The indoor activity seasonality that we quantify may reflect heterogeneity in transmission risk via a number of mechanisms including those affecting host contact, susceptibility, or transmissibility. Increased indoor activity may indicate longer-duration airborne contact (e.g. co-location without direct interaction) between susceptible and infected individuals, elevating respiratory transmission risk. Increased indoor density may also suggest increased droplet contact (e.g. a conversation in close proximity), under homogeneous mixing. Additionally, indoor activity may suggest increased susceptibility as poor ventilation, increased pollutants, reduced solar exposure, and low humidity of the indoor environment have been shown to weaken immune response (Moriyama et al., 2020). Finally, increased indoor activity may indicate an increase in transmissibility due to higher exposure as low humidity caused by climate control (heating, ventilation, and cooling, HVAC) in indoor environments has been shown to increase viral survival and HVAC re-circulation has been shown to increase viral dispersion (Lu et al., 2020; Liao et al., 2005). While our new measure does not disentangle these component mechanisms, it represents an integrated seasonality in exposure risk due to all of these factors and can help lead us to a more complete understanding of the heterogeneity and seasonality in disease dynamics and outcomes.

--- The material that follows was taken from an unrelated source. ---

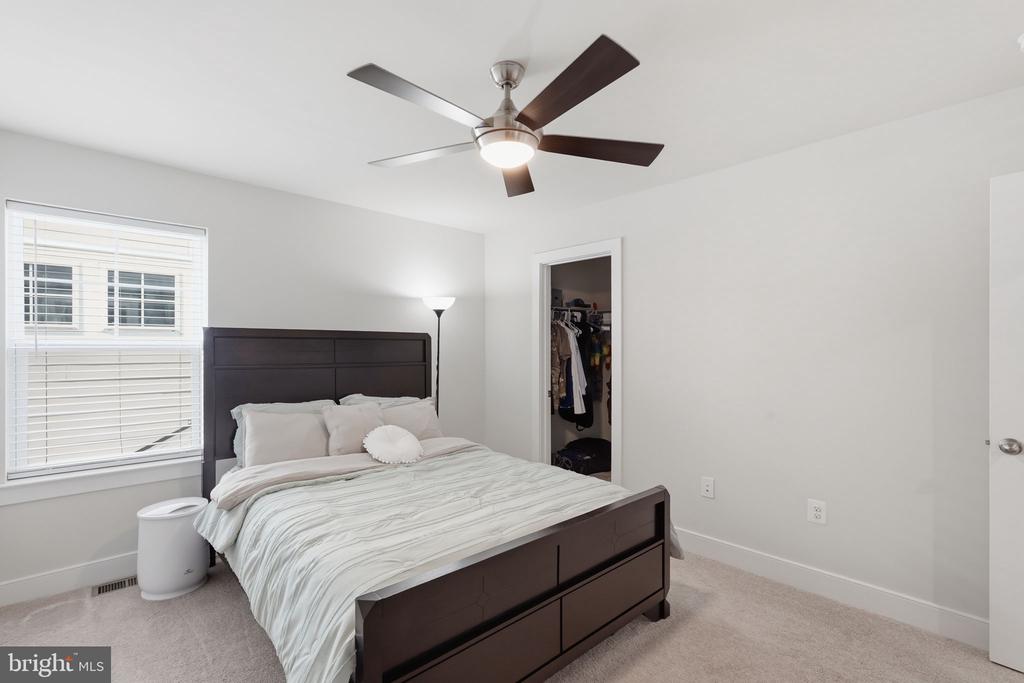 1555 MEADOWLARK GLEN ROAD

We find that spatiotemporal heterogeneity in the indoor activity metric can be decomposed into two large geographically-contiguous groups in the northern and southern United States representing distinct temporal dynamics in indoor activity. These groups closely correspond to built environment climate zones, potentially explaining this systematic variability. We note, however, that while these clusters overlap with climate classifications, this correspondence does not suggest that environmental variables such as temperature and humidity should be used to represent behavioral heterogeneity. Climatic factors within these climate zones may be related to, but not necessarily correlated with, the seasonality of human mixing within these zones. Additionally, even in the case that environmental factor variability drives behavioral variability, it would be critical to capture the effect of behavior on disease directly so as to not obscure any direct effects of climatic factors on disease.

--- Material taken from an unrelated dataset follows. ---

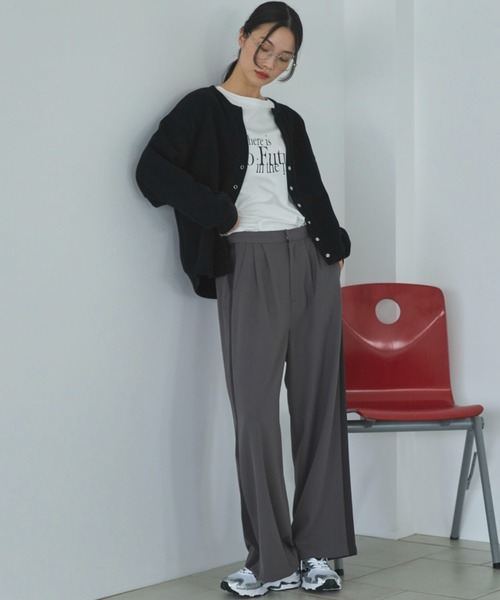 Doux archives（ドゥアルシーヴ）の「ダブルフェイスカットスナップカーディガン（カーディガン/ボレロ・レディース・ブラック/アイボリー/ブルー・FREE）」の21枚目の写真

We illustrate how to incorporate seasonality in exposure risk to future models of disease dynamics using a simple phenomenological model. We use this traditional model of infectious disease dynamics to evaluate the implications of the spatial coarseness of seasonal forcing. Our results suggest that the substantial local heterogeneity in the dynamics of indoor activity across time and space could be large enough to alter seasonality in infectious disease dynamics. While our work does not consider observed transmission patterns, we suggest that researchers carefully consider the spatial scale on which they model seasonality in theoretical models, commonly used for scenario analysis and model-based intervention design (e.g. Borchering et al., 2021). We additionally highlight that the use of simple or complex functional forms of seasonality requires statistical fits to baseline data and, in the case of disruptions, these fitted models may no longer be appropriate. . Although indoor activity is moderately anticorrelated with temperature and humidity (Figure 1), weather-derived covariates are not able to completely reflect the impacts of human movement (but they may have some statistical power). We show patterns of human mobility changed substantially during the COVID-19 pandemic, potentially contributing to changes in infectious disease seasonality.

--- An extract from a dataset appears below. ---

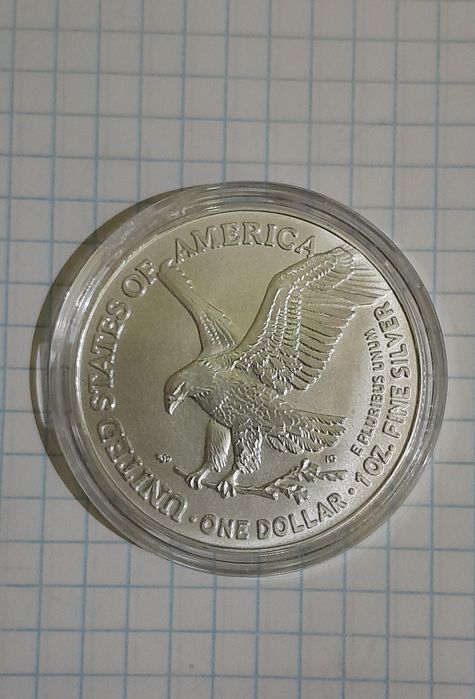 Монети American Silver Eagle 1 oz  сувенір у капсулі.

Recent work during the COVID-19 pandemic demonstrates the impact of reduced occupancy in indoor locations and increasing outdoor activity on the likelihood of disease transmission. In particular, behavioral interventions or nudges that reduce occupancy are more impactful than reducing overall mobility as they reduce visitor density and the likelihood of density-dependent airborne tnsmission (Chang et al., 2021). Similarly, the availability of outdoor areas in urban settings, such as public parks, has been demonstrated to reduce case rates when population mobility becomes less restricted (Johnson et al., 2021). Our results suggest that such public health strategies should be implemented in a targeted manner, informed by real-time data, and with clear communication of the goals. We found notable changes occurred in indoor activity seasonality at the start of the COVID-19 pandemic, despite relatively consistent patterns during the spring season in prior years. Designing a behavioral strategy and measuring its effectiveness without real-time data could thus be misleading. Our finding of two distinct geographic clusters of indoor activity suggests the need for geographical targeting of strategies to reduce indoor transmission risk. While northern latitudes might benefit from decreased indoor occupancy and increased outdoor activity in Northern Hemisphere winters, southern latitudes should be additionally targeted for such interventions in the summer months. Lastly, our findings highlight the need to communicate the goals of behavioral interventions clearly. While all communities universally reduced overall activity during the early days of the COVID-19 pandemic, some increased indoor activity during this time, potentially diminishing the positive effects of the social distancing policies put into place. A public health education campaign to clarify the role of indoor interactions in transmission risk may have ameliorated this.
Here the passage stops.